--- Data under study ---

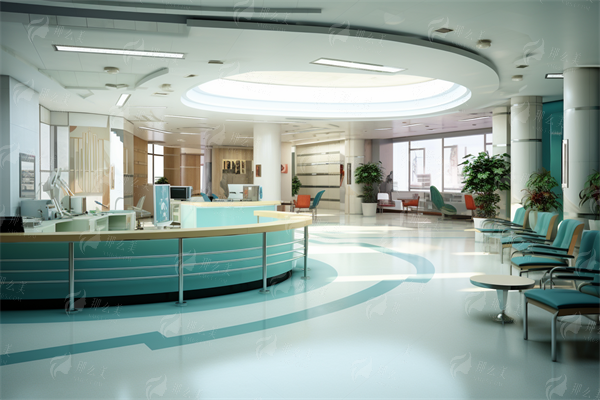 <strong>二、长春中妍美容鼻部修复手术的核心优势，比你想的更贴心</strong>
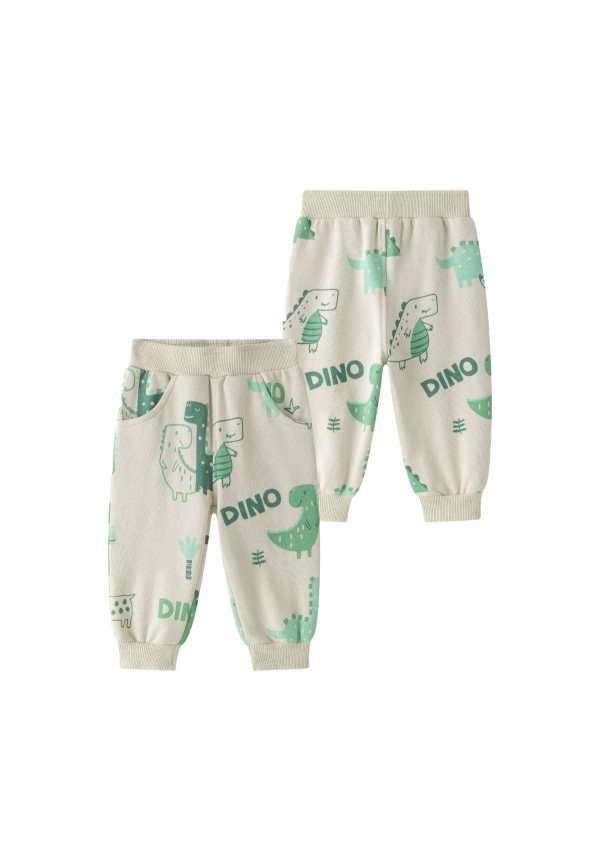 PANTALON DEPORTIVO DINO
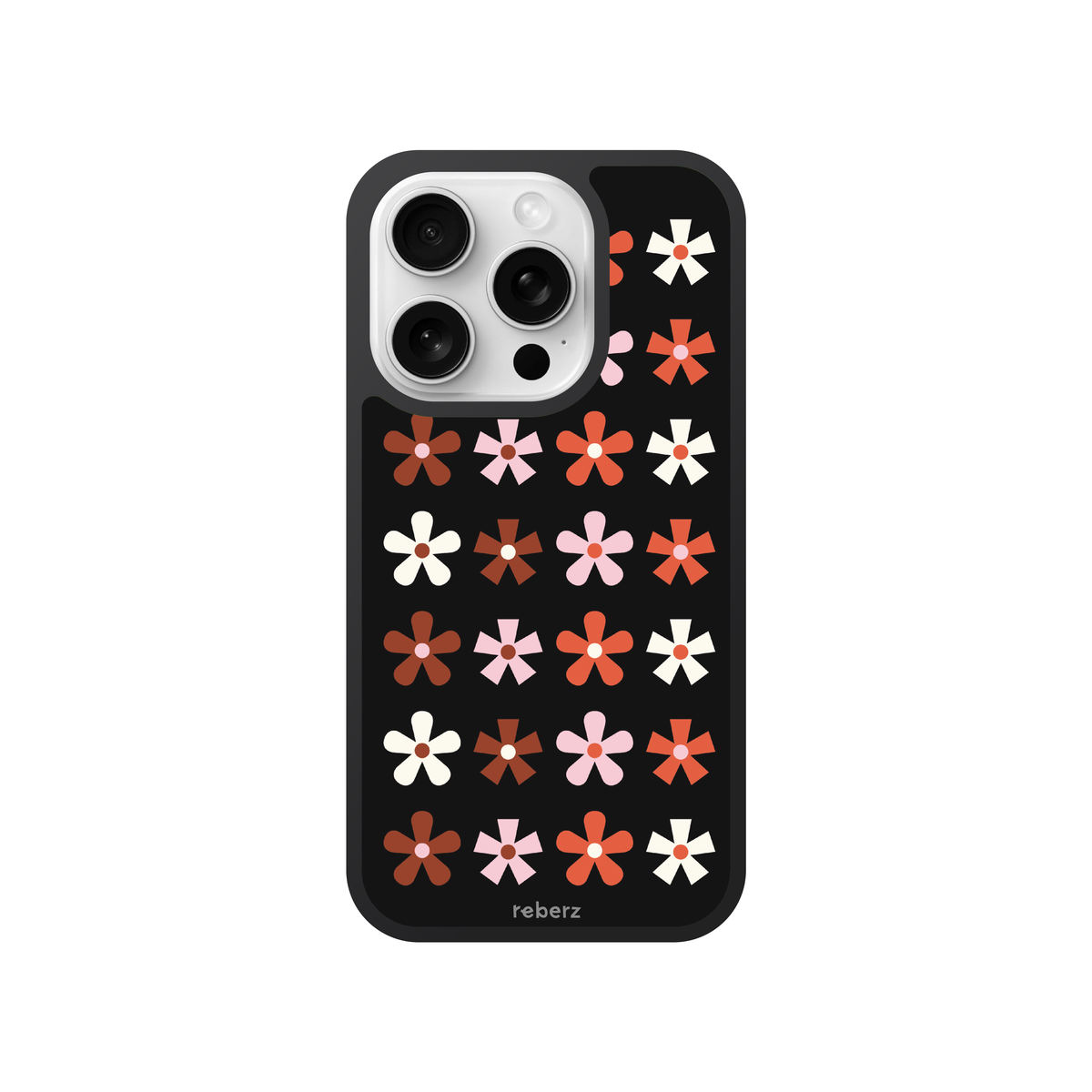 Black / iPhone 13 Pro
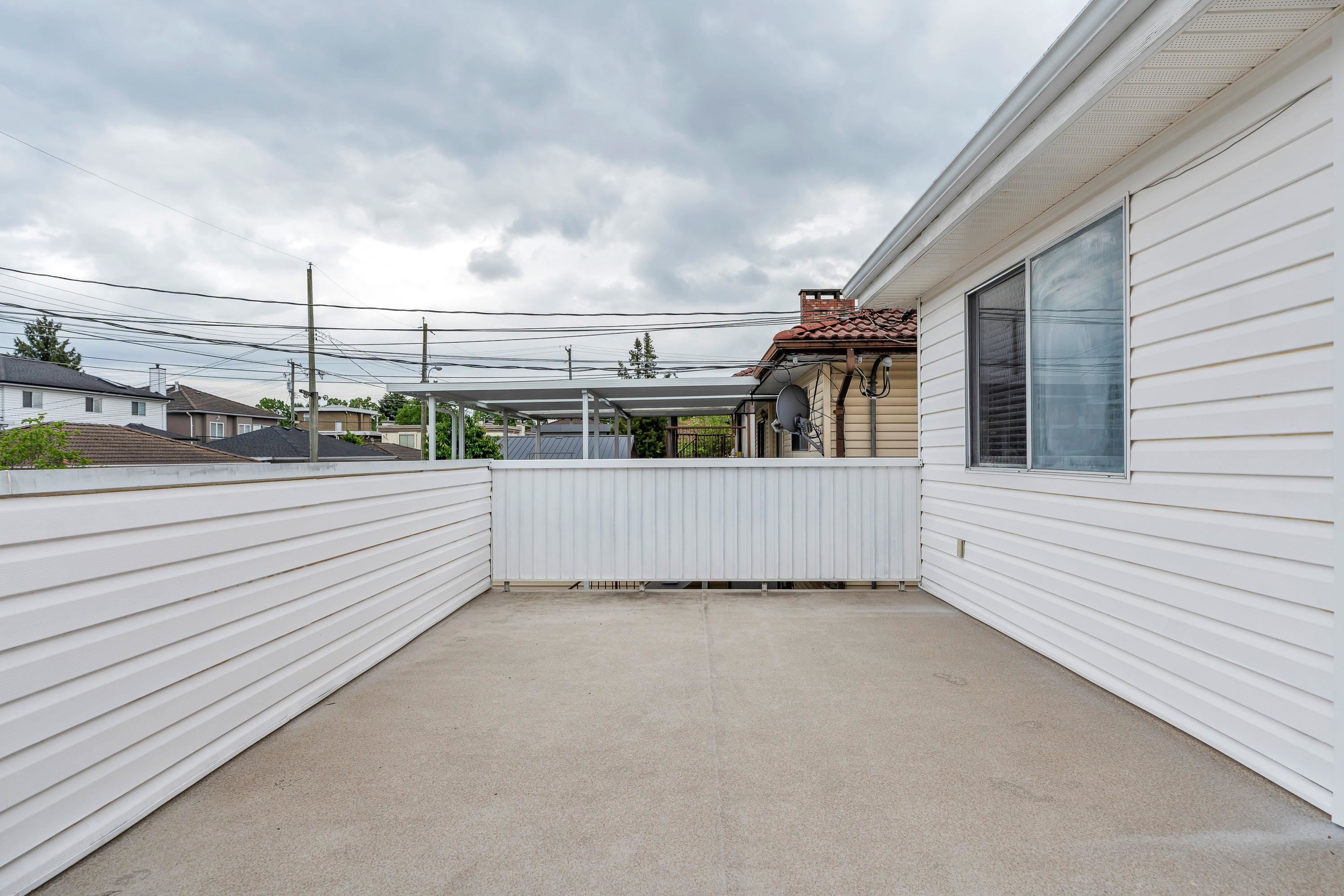 7162 Gladstone Street, Vancouver, BC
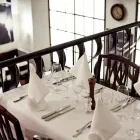 Entreprises 20 image COMMIHALLE Italienische Restaurants dans Zurich ZH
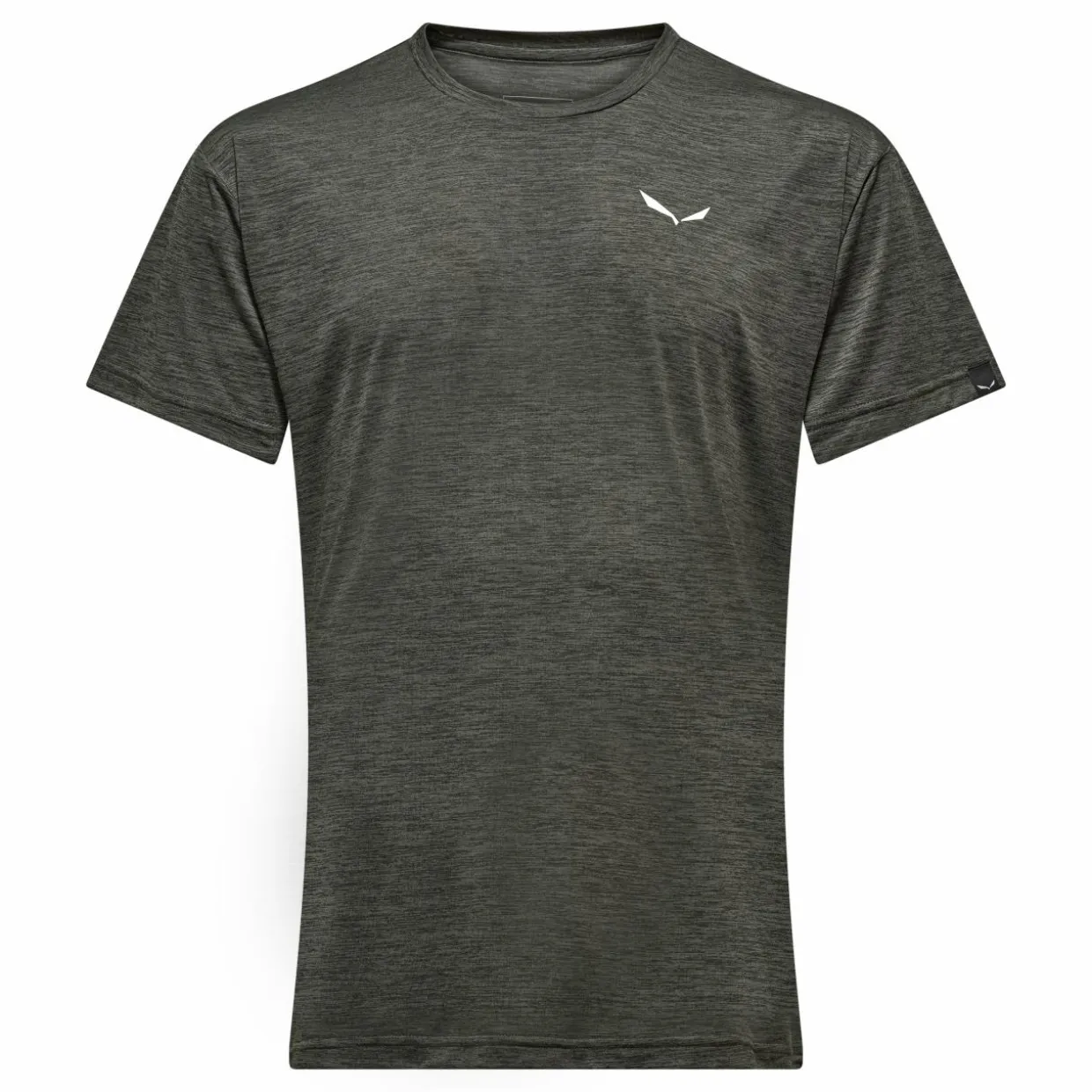 Puez Melange Dry'Ton T-shirt Uomo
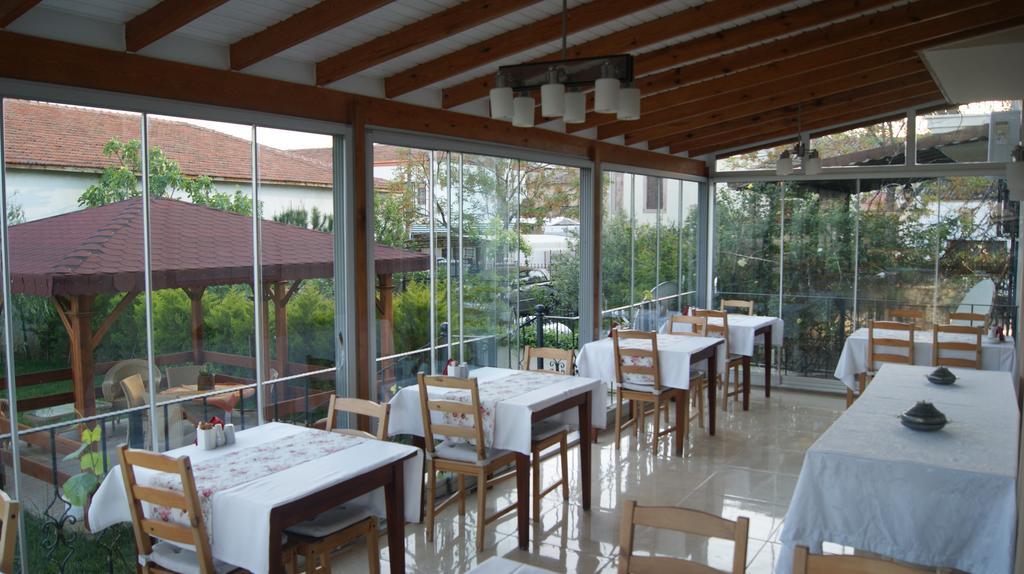 Ender Hotel (Adults Only) Ayvalı Εξωτερικό φωτογραφία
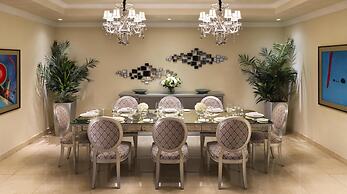 Kempinski Hotel Palm Jumeirah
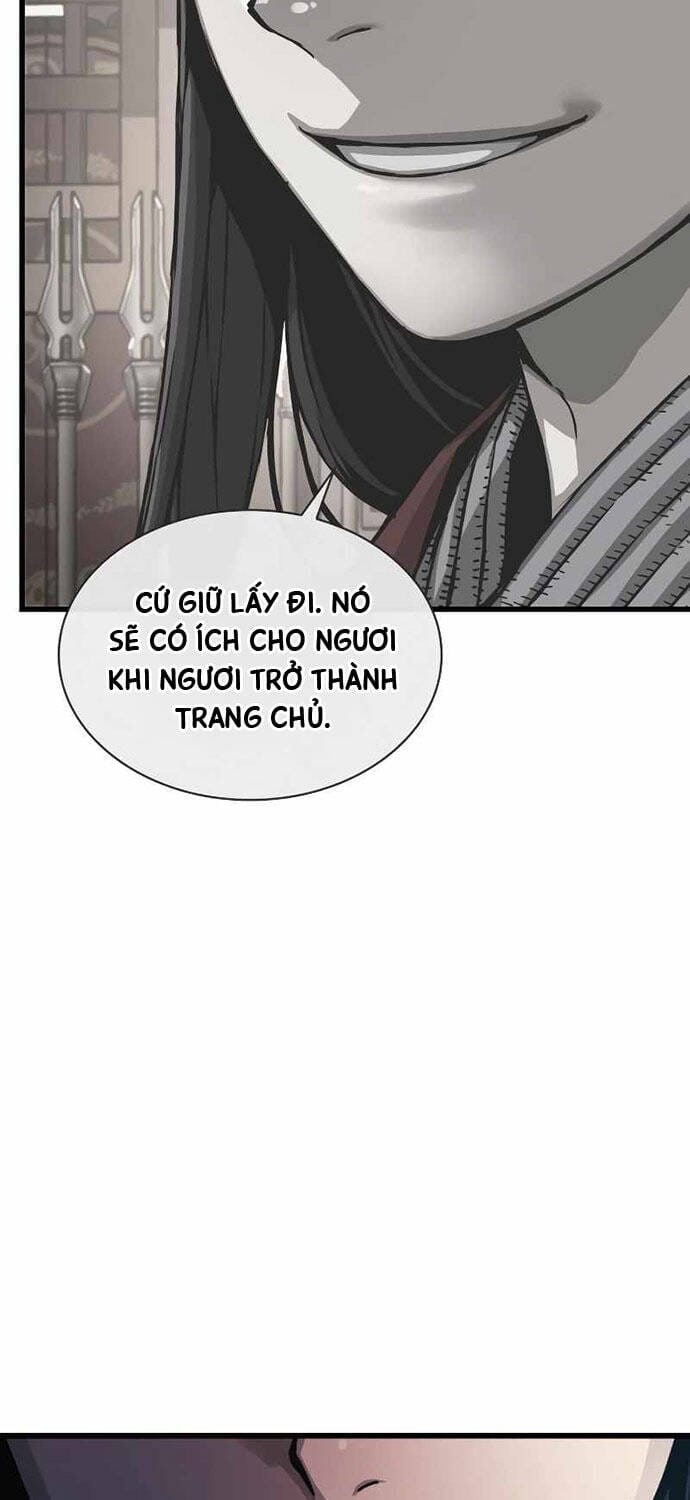 Truyện Tranh Quái Lực Loạn Thần trang 7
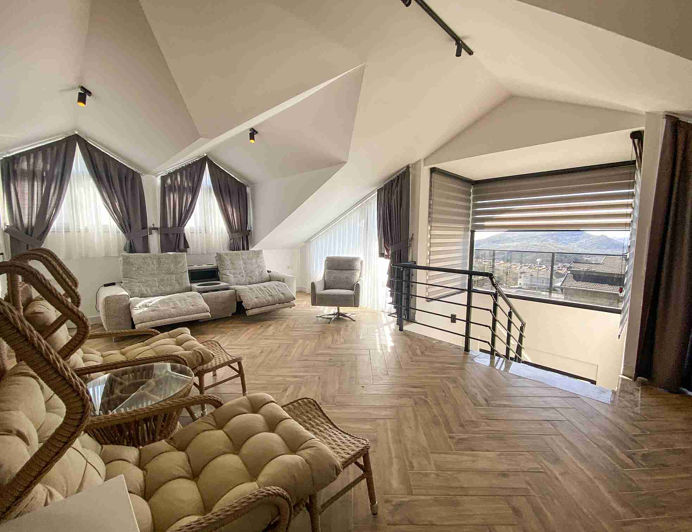 Image No.23-Maison / Villa de 5 chambres à vendre à Ölüdeniz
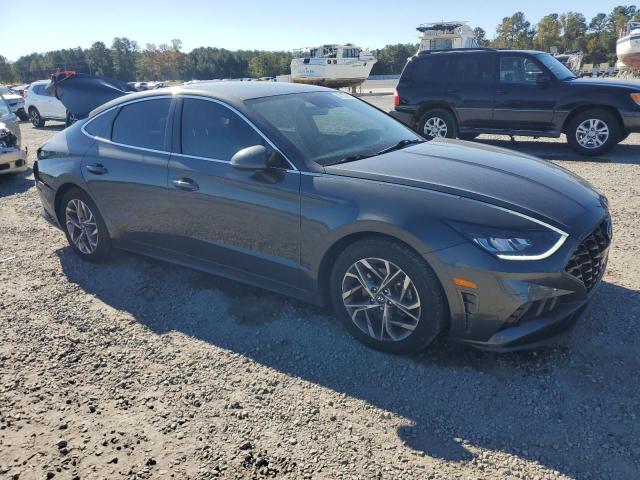 2021 HYUNDAI SONATA SEL #3292578858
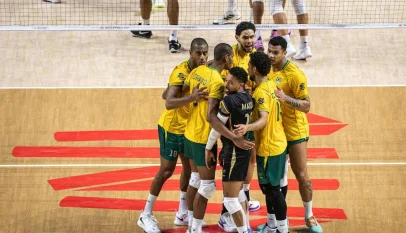 VNL Brasil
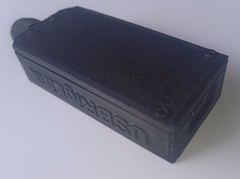 USBRigLink FT8 FT4 FT2 VARA PRC-138, RF-7800H, PRC-2200, PRC-515, Etc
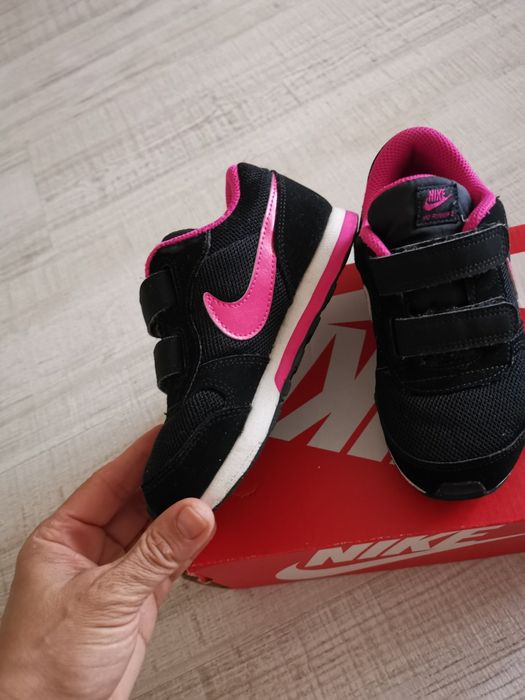 Adidași nike fetite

---

* [Assignment]: Starting with the first line of the data above, write out each line exactly up to and including the line that holds "Image No.23-Maison /". Pictures stay out.

* [Expected answer]:
 <strong>二、长春中妍美容鼻部修复手术的核心优势，比你想的更贴心</strong>
 PANTALON DEPORTIVO DINO
 Black / iPhone 13 Pro
 7162 Gladstone Street, Vancouver, BC
 Entreprises 20 image COMMIHALLE Italienische Restaurants dans Zurich ZH
 Puez Melange Dry'Ton T-shirt Uomo
 Ender Hotel (Adults Only) Ayvalı Εξωτερικό φωτογραφία
 Kempinski Hotel Palm Jumeirah
 Truyện Tranh Quái Lực Loạn Thần trang 7
 Image No.23-Maison / Villa de 5 chambres à vendre à Ölüdeniz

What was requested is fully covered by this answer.